PM promises a quick response to Abbas letter on new talks

PM promises a quick response to Abbas letter on new talks

Fayyad a last-minute no-show as Netanyahu hosts Erekat-led Palestinian team in Jerusalem

Prime Minister Benjamin Netanyahu on Tuesday afternoon hosted a Palestinian delegation for much-anticipated talks, and received a much-discussed letter sent by Palestinian Authority President Mahmoud Abbas, but PA Prime Minister Salam Fayyad was not among the participants.

The Times of Israel was told that, until the very last moment, Netanyahu did not know whether Fayyad would be coming.

Netanyahu and Yitzhak Molcho, his envoy to negotiations with the Palestinians, met with Saeb Erekat, the senior Palestinian negotiator, and Majid Faraj, the PA’s head of General Intelligence, the Prime Minister’s Office said.

The Palestinians gave Netanyahu the letter from Abbas setting out terms for a resumption of negotiations. Netanyahu will respond in writing within two weeks, his office said. “Both sides hope this exchange of letters will help find a way to advance peace,” said a joint statement released after the meeting.

Sources in Jerusalem said later that there was “nothing new” in the Abbas letter.

Fayyad, Palestinian sources said, opted to stay away, in part, because he was uncomfortable with the idea of meeting Netanyahu, and possibly being photographed with him, on a day the Palestinians are marking as Prisoners Day, and which has seen the start of a mass hunger strike by Palestinian security prisoners.

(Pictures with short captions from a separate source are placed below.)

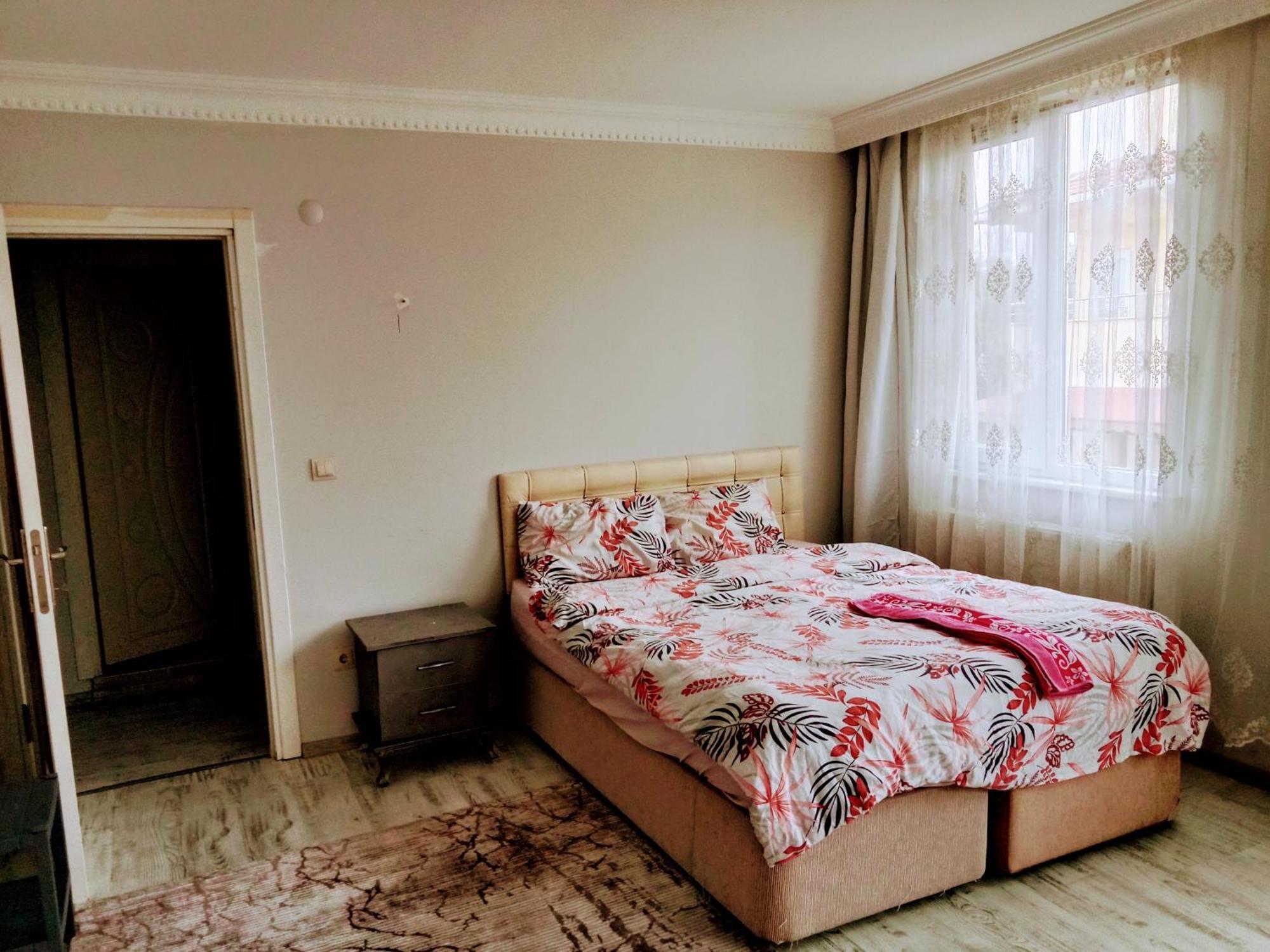 Ahmet Teacher Hotel, 5 Minutes From The Airport Arnavutkoy Kültér fotó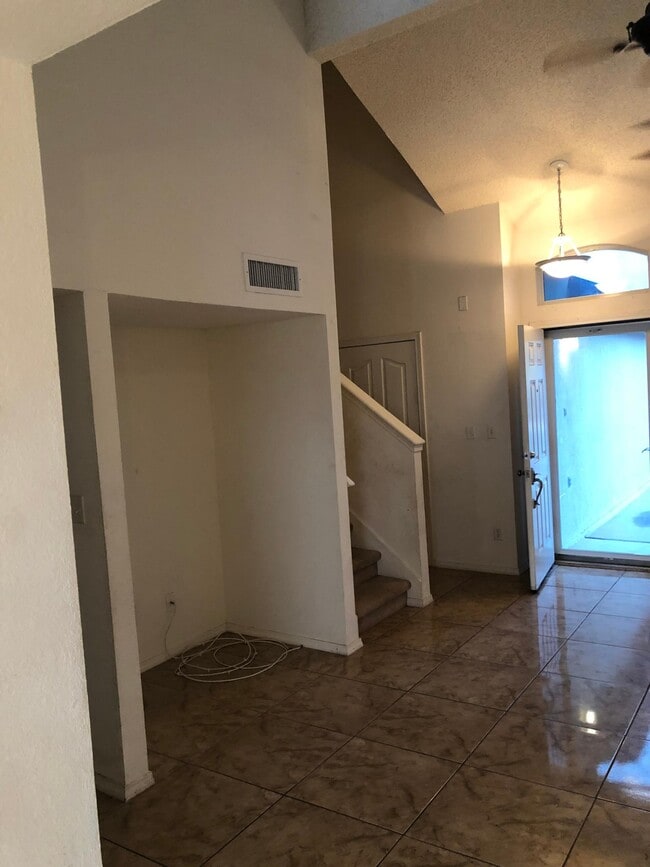 Building Photo - 14335 Island Point Dr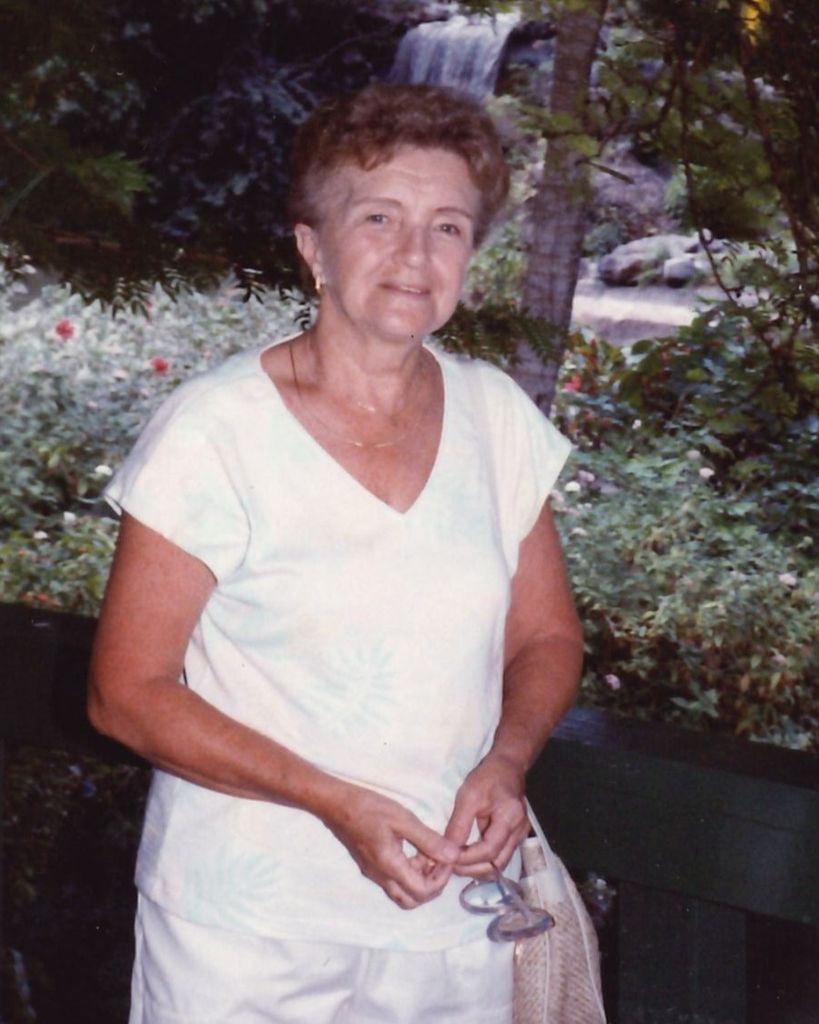Ruth DeVos Profile Photo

The Netanyahu-Fayyad meeting was announced last week, and, albeit in its reduced form, represented the first high-level contact between the two sides since official talks in Jordan broke down in January.

Defense Minister Ehud Barak had said Tuesday morning that the meeting might be called off because of a dispute over money transfer issues between Israel and the PA. Fayyad had been widely reported to be unhappy about attending.

The missive from Abbas, published by The Times of Israel on Sunday, includes demands for Israel to cease building across the Green Line, release all prisoners and agree to the establishment of a Palestinian state on the 1967 borders with possible small adjustments.

In the letter, some of which is markedly bitter in tone and questions Netanyahu’s commitment to a two-state solution, Abbas comes close to threatening to dismantle the PA in frustration at the diplomatic deadlock — as he has reportedly contemplated doing — but he refrains from making such a statement.